== Work to be completed ==
The whole listing should be retyped exactly as it appears.

--- Data to process ---

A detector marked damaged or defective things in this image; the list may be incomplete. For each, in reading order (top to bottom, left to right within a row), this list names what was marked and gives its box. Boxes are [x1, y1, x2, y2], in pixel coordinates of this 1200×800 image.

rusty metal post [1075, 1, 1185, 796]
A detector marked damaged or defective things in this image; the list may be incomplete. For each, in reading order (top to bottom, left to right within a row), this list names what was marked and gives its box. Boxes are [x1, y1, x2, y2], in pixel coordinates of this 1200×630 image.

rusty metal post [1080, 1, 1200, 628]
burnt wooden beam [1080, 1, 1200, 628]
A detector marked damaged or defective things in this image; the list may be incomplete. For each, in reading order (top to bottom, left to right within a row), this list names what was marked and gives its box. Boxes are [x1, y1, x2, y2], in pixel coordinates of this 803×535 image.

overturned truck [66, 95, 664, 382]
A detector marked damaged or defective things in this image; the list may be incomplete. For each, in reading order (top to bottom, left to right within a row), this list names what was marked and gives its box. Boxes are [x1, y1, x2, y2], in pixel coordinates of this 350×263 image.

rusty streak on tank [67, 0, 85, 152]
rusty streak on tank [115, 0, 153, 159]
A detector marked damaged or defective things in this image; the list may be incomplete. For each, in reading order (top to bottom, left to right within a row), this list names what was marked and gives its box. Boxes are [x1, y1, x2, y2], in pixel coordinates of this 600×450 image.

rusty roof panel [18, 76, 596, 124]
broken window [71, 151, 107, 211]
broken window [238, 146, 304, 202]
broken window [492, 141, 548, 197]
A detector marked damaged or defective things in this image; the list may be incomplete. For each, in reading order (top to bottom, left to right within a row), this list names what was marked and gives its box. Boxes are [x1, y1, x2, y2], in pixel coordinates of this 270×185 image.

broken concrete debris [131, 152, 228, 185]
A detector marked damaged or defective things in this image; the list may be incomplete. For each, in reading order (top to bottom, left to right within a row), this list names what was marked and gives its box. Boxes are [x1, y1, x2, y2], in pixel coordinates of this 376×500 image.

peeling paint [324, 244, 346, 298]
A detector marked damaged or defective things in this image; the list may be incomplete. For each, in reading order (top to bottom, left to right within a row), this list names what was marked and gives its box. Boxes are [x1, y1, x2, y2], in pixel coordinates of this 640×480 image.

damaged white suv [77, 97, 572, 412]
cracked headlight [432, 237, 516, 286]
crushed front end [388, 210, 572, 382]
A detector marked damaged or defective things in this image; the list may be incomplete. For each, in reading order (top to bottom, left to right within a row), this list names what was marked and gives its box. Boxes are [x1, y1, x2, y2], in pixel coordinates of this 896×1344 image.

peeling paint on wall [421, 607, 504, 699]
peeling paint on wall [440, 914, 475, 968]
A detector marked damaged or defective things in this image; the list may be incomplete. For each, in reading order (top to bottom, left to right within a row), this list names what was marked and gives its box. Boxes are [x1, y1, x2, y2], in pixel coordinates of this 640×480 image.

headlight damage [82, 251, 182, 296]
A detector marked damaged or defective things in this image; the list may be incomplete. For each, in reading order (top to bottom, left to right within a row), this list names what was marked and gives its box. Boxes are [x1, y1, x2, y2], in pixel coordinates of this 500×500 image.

---

== Worked solution ==
A detector marked damaged or defective things in this image; the list may be incomplete. For each, in reading order (top to bottom, left to right within a row), this list names what was marked and gives its box. Boxes are [x1, y1, x2, y2], in pixel coordinates of this 1200×800 image.

rusty metal post [1075, 1, 1185, 796]
A detector marked damaged or defective things in this image; the list may be incomplete. For each, in reading order (top to bottom, left to right within a row), this list names what was marked and gives its box. Boxes are [x1, y1, x2, y2], in pixel coordinates of this 1200×630 image.

rusty metal post [1080, 1, 1200, 628]
burnt wooden beam [1080, 1, 1200, 628]
A detector marked damaged or defective things in this image; the list may be incomplete. For each, in reading order (top to bottom, left to right within a row), this list names what was marked and gives its box. Boxes are [x1, y1, x2, y2], in pixel coordinates of this 803×535 image.

overturned truck [66, 95, 664, 382]
A detector marked damaged or defective things in this image; the list may be incomplete. For each, in reading order (top to bottom, left to right within a row), this list names what was marked and gives its box. Boxes are [x1, y1, x2, y2], in pixel coordinates of this 350×263 image.

rusty streak on tank [67, 0, 85, 152]
rusty streak on tank [115, 0, 153, 159]
A detector marked damaged or defective things in this image; the list may be incomplete. For each, in reading order (top to bottom, left to right within a row), this list names what was marked and gives its box. Boxes are [x1, y1, x2, y2], in pixel coordinates of this 600×450 image.

rusty roof panel [18, 76, 596, 124]
broken window [71, 151, 107, 211]
broken window [238, 146, 304, 202]
broken window [492, 141, 548, 197]
A detector marked damaged or defective things in this image; the list may be incomplete. For each, in reading order (top to bottom, left to right within a row), this list names what was marked and gives its box. Boxes are [x1, y1, x2, y2], in pixel coordinates of this 270×185 image.

broken concrete debris [131, 152, 228, 185]
A detector marked damaged or defective things in this image; the list may be incomplete. For each, in reading order (top to bottom, left to right within a row), this list names what was marked and gives its box. Boxes are [x1, y1, x2, y2], in pixel coordinates of this 376×500 image.

peeling paint [324, 244, 346, 298]
A detector marked damaged or defective things in this image; the list may be incomplete. For each, in reading order (top to bottom, left to right within a row), this list names what was marked and gives its box. Boxes are [x1, y1, x2, y2], in pixel coordinates of this 640×480 image.

damaged white suv [77, 97, 572, 412]
cracked headlight [432, 237, 516, 286]
crushed front end [388, 210, 572, 382]
A detector marked damaged or defective things in this image; the list may be incomplete. For each, in reading order (top to bottom, left to right within a row), this list names what was marked and gives its box. Boxes are [x1, y1, x2, y2], in pixel coordinates of this 896×1344 image.

peeling paint on wall [421, 607, 504, 699]
peeling paint on wall [440, 914, 475, 968]
A detector marked damaged or defective things in this image; the list may be incomplete. For each, in reading order (top to bottom, left to right within a row), this list names what was marked and gives its box. Boxes are [x1, y1, x2, y2], in pixel coordinates of this 640×480 image.

headlight damage [82, 251, 182, 296]
A detector marked damaged or defective things in this image; the list may be incomplete. For each, in reading order (top to bottom, left to right within a row), this list names what was marked and gives its box. Boxes are [x1, y1, x2, y2], in pixel coordinates of this 500×500 image.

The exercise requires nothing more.